PARIS (Reuters) - François de Rugy, fragilisé par des révélations sur son train de vie de président de l'Assemblée nationale puis de ministre d'Etat, a sauvé son poste jeudi mais il devra rendre des comptes, comme le lui a intimé Edouard Philippe lors d'un entretien convoqué en urgence à Matignon.
Mis dans l'embarras par des photographies de dîners fastueux et des informations sur des travaux réalisés dans son logement de fonction, le numéro deux du gouvernement a dû bousculer son agenda pour venir s'expliquer devant le Premier ministre.
Les deux hommes "sont convenus ensemble de la nécessité de répondre à toutes les questions que se posent légitimement les Français", précise Matignon dans un message transmis à Reuters.

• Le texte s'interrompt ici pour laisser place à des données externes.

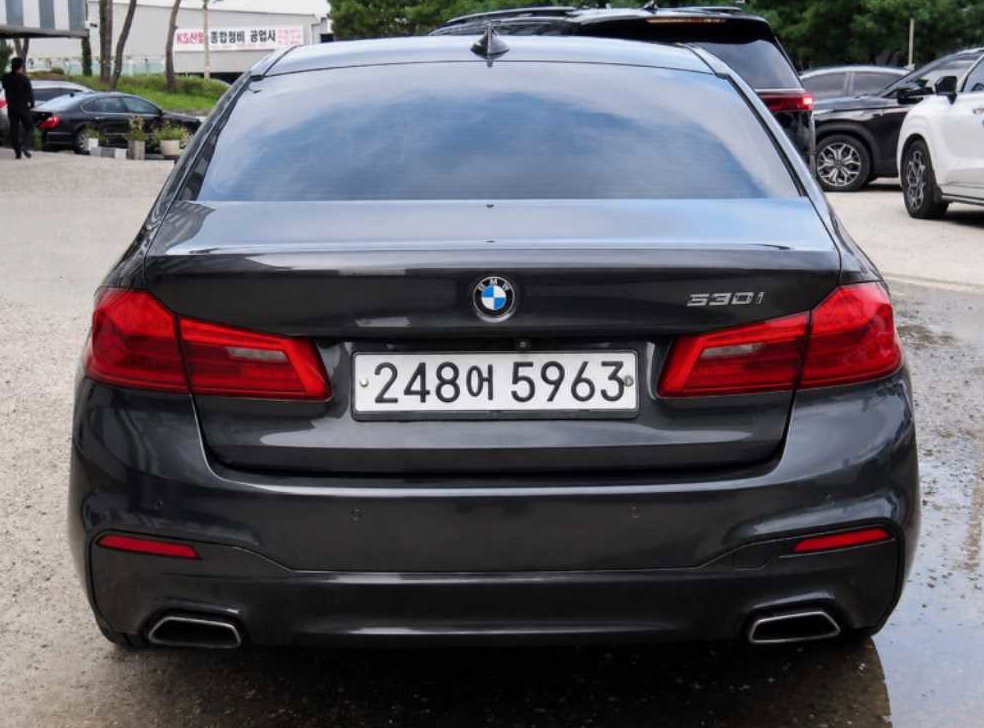 BMW 5시리즈 530i M 스포츠 플러스 사진 3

Le successeur de Nicolas Hulot à la Transition écologique s'est engagé à soumettre ses frais de réception aux autorités de contrôle de l'Assemblée nationale, qu'il a présidée en 2017-2018, et à rembourser si nécessaire "chaque euro contesté".
François de Rugy sera "invité à s'expliquer dans le cadre de cette démarche dans les prochains jours", précise la présidence de l'Assemblée nationale, où le ministre a cédé son fauteuil à Richard Ferrand l'an dernier.
Edouard Philippe a par ailleurs demandé au secrétariat général du gouvernement de diligenter dès vendredi une "inspection" concernant les travaux effectués dans l'appartement privé du ministre de la Transition écologique.
L'exécutif espère ainsi circonscrire l'incendie qui s'est déclaré mercredi avec la publication d'un premier article de Mediapart.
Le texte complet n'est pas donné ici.